Treatment For Osteoporosis
Many options exist for treating and managing osteoporosis. It can even be reversed in some instances. If you have been diagnosed by your personal physician, (s)he will recommend the approach that is right for you.
For many seniors, a nutritious diet can be helpful. Place special emphasis on calcium and include other bone-building nutrients in your diet. You need Vitamin K, Vitamin D, trace minerals, and magnesium. So do your best to add these to your diet.
Exercise can increase your bone mineral density and strengthen your bones. Resistance exercises, weight-bearing exercise, and aerobics are your best options.
You may have heard of natural or alternative treatments for osteoporosis. However, you should not consider herbs and supplements appropriate treatments before consulting your doctor. Some natural products may help but talk to your doctor first.
Hormone replacement therapy (HRT), is a controversial treatment for osteoporosis. As seniors lose bone density after their normal hormone levels begin to decline, some doctors recommend hormone replacement therapy. Estrogen can be replaced in women, and testosterone can be replaced in men.
While bone density can be maintained with HRT, there are disadvantages with this method. Women who use estrogen therapy have a higher risk of breast and endometrial cancer. The risk of heart disease and blood clots can also increase. Make sure to discuss these potential issues with your doctor if (s)he has recommended hormone replacement therapy for your osteoporosis.
Bisphosphonates are the most common type of medication prescribed for seniors with a high risk of bone fractures. They can be especially useful for this patients whose osteoporosis has already contributed to broken bones. The medications are available in both oral and intravenous forms. Both options have potential side effects. Oral medication can produce heartburn, abdominal pain, and nausea. The intravenous medications may produce lingering muscle aches, headaches, and fever.
Bisphosphonates should be limited to five years or less in most instances. When they are used on a long-term basis, serious complications may result While some of these risks are rare, they should be avoided altogether. Another reason to limit the use of medications is that the American Society for Bone and Mineral Research has stated low-risk seniors do not need long-term medications. This organization recommends oral medications be stopped after five years, and intravenous medications be stopped after three years. Patients in higher risk categories can use oral medication for ten years, or intravenous medication for six years.
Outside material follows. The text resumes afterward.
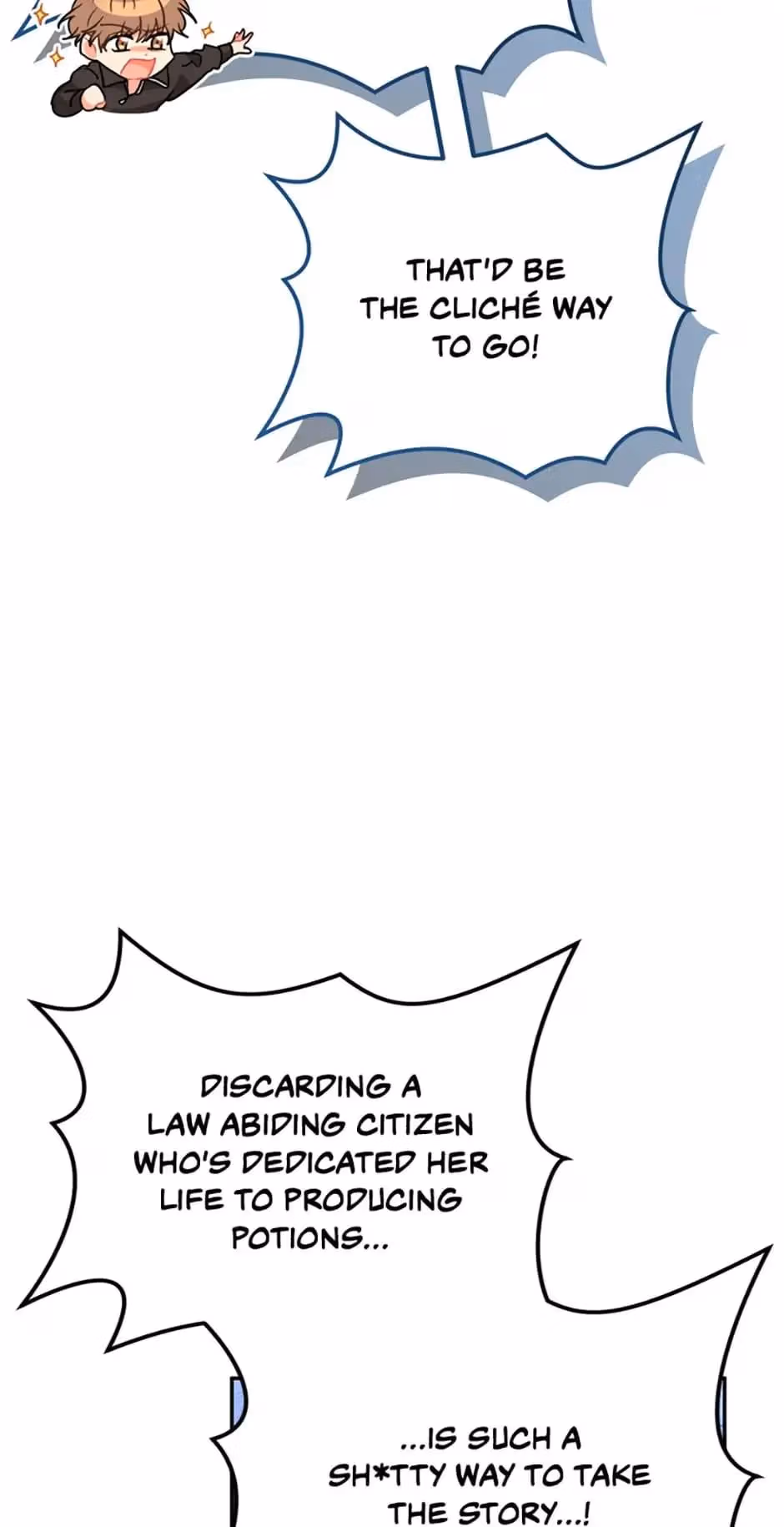 My Brothers, the Protagonists Chapter 29 page 56 -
Some seniors cannot tolerate the side effects of bisphosphonates, and may want to avoid the health risks associated with hormone replacement therapy. There are additional options for treating osteoporosis. You may wish to consider one of these other options, and discuss it with your doctor.
Denosumab and Teriparatide
Denosumab can improve bone density. It provides the most benefits to postmenopausal women. This drug is administered twice annually by injection. Teriparatide is also beneficial for aging women. It stimulates bone growth while also reducing the risk of fractures. The daily injections are usually given for two years. After treatment, the bone growth is preserved with another medication.
Just like other medical conditions, there is no one treatment that is right for everyone. Everyone should discuss options with their doctors, and make an informed decision. If you disagree with your doctor’s recommendation, you should request a second opinion. Treatment should be effective, yet not cause unnecessary side effects.